§ **PROBLEM REQUIREMENTS**
Can you retype every record below exactly as written?

§ **DATASET ENTRIES**
########

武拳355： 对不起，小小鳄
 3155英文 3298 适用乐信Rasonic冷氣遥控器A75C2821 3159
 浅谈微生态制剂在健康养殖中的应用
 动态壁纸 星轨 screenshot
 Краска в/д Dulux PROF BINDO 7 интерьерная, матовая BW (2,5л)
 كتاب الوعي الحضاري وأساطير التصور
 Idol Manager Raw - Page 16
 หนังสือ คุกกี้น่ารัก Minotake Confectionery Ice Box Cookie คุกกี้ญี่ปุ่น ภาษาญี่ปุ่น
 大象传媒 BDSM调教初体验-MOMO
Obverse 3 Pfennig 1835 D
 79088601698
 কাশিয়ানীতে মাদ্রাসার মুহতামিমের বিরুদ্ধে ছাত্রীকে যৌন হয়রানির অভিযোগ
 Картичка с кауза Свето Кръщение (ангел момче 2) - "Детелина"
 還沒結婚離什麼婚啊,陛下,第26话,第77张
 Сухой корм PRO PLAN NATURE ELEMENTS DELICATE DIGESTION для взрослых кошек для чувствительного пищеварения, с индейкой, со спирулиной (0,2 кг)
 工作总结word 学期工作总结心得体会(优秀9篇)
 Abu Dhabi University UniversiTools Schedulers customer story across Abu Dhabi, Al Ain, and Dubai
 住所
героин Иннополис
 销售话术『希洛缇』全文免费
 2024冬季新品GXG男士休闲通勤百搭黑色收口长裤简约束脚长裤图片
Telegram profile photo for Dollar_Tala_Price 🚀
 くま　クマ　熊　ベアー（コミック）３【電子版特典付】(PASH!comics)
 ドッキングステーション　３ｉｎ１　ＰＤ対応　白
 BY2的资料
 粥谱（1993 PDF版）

########

§ **RESULT BELOW**
武拳355： 对不起，小小鳄
 3155英文 3298 适用乐信Rasonic冷氣遥控器A75C2821 3159
 浅谈微生态制剂在健康养殖中的应用
 动态壁纸 星轨 screenshot
 Краска в/д Dulux PROF BINDO 7 интерьерная, матовая BW (2,5л)
 كتاب الوعي الحضاري وأساطير التصور
 Idol Manager Raw - Page 16
 หนังสือ คุกกี้น่ารัก Minotake Confectionery Ice Box Cookie คุกกี้ญี่ปุ่น ภาษาญี่ปุ่น
 大象传媒 BDSM调教初体验-MOMO
Obverse 3 Pfennig 1835 D
 79088601698
 কাশিয়ানীতে মাদ্রাসার মুহতামিমের বিরুদ্ধে ছাত্রীকে যৌন হয়রানির অভিযোগ
 Картичка с кауза Свето Кръщение (ангел момче 2) - "Детелина"
 還沒結婚離什麼婚啊,陛下,第26话,第77张
 Сухой корм PRO PLAN NATURE ELEMENTS DELICATE DIGESTION для взрослых кошек для чувствительного пищеварения, с индейкой, со спирулиной (0,2 кг)
 工作总结word 学期工作总结心得体会(优秀9篇)
 Abu Dhabi University UniversiTools Schedulers customer story across Abu Dhabi, Al Ain, and Dubai
 住所
героин Иннополис
 销售话术『希洛缇』全文免费
 2024冬季新品GXG男士休闲通勤百搭黑色收口长裤简约束脚长裤图片
Telegram profile photo for Dollar_Tala_Price 🚀
 くま　クマ　熊　ベアー（コミック）３【電子版特典付】(PASH!comics)
 ドッキングステーション　３ｉｎ１　ＰＤ対応　白
 BY2的资料
 粥谱（1993 PDF版）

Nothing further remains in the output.